I awoke with a start in the middle of some kind of dream. I could not recall what had been happening in the dream, but it had obviously been one filled with tension, because my heart was pounding. The room was still pitch dark. For a time after I awoke, I could not remember where I was. A good deal of time had to go by before I realized that I was in my own house, in my own bed. The hands of the alarm clock showed it to be just after two in the morning. My irregular sleeping habits in the well were probably responsible for these unpredictable cycles of sleep and wakefulness. Once my confusion died down, I felt the need to urinate. It was probably the beer I’d drunk. I would have preferred to go back to sleep, but I had no choice in the matter. When I resigned myself to the fact and sat up in bed, my hand brushed against the skin of the person sleeping next to me. This came as no surprise. That was where Kumiko always slept. I was used to having someone sleeping by my side. But then I realized that Kumiko wasn’t with me anymore. She had left the house.
Some other person was sleeping next to me
.

I held my breath and turned on the light by the bed. It was Creta Kano.

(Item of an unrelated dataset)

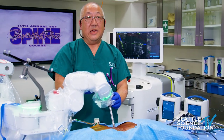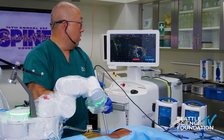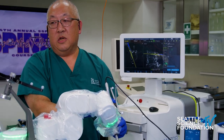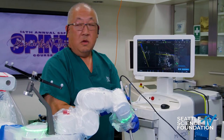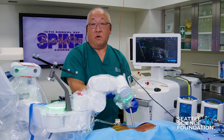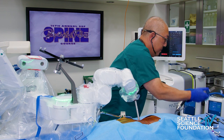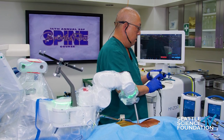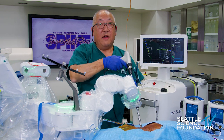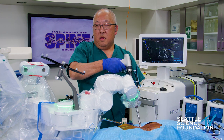We leave the cannula in and take the dilator out. We go with the Mazor Midas and look at the screen to verify the position of the live instrument in comparison to the navigated screw, which you can see on the back screen. I'm going to pull the drill back and create a pilot hole. That pilot hole has a depth stop of 30 millimeters so you can't plunge. We take the Midas out, switch it over to a tap, and go with a navigated tap through the cannula. Again, I verify my navigation by looking at the screen and tap the pedicle.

Creta Kano’s Story Continued

Creta Kano was stark naked. Facing toward my side of the bed, she lay there asleep, with nothing on, not even a cover, revealing two well-shaped breasts, two small pink nipples, and, below a perfectly flat stomach, a black triangle of pubic hair, looking like a shaded area in a drawing. Her skin was very white, with a newly minted glow. At a loss to explain her presence here, I nevertheless went on staring at her beautiful body. She had her knees closed tightly together and slightly bent, her legs in perfect alignment. Her hair fell forward, covering half her face, which made it impossible for me to see her eyes, but she was obviously in a deep sleep: my turning on the bedside lamp had caused not the slightest tremble, and her breathing was quiet and regular. I myself, though, was now wide awake. I took a thin summer comforter from the closet and spread it over her. Then I turned out the lamp and, still in my pajamas, went to the kitchen to sit at the table for a while.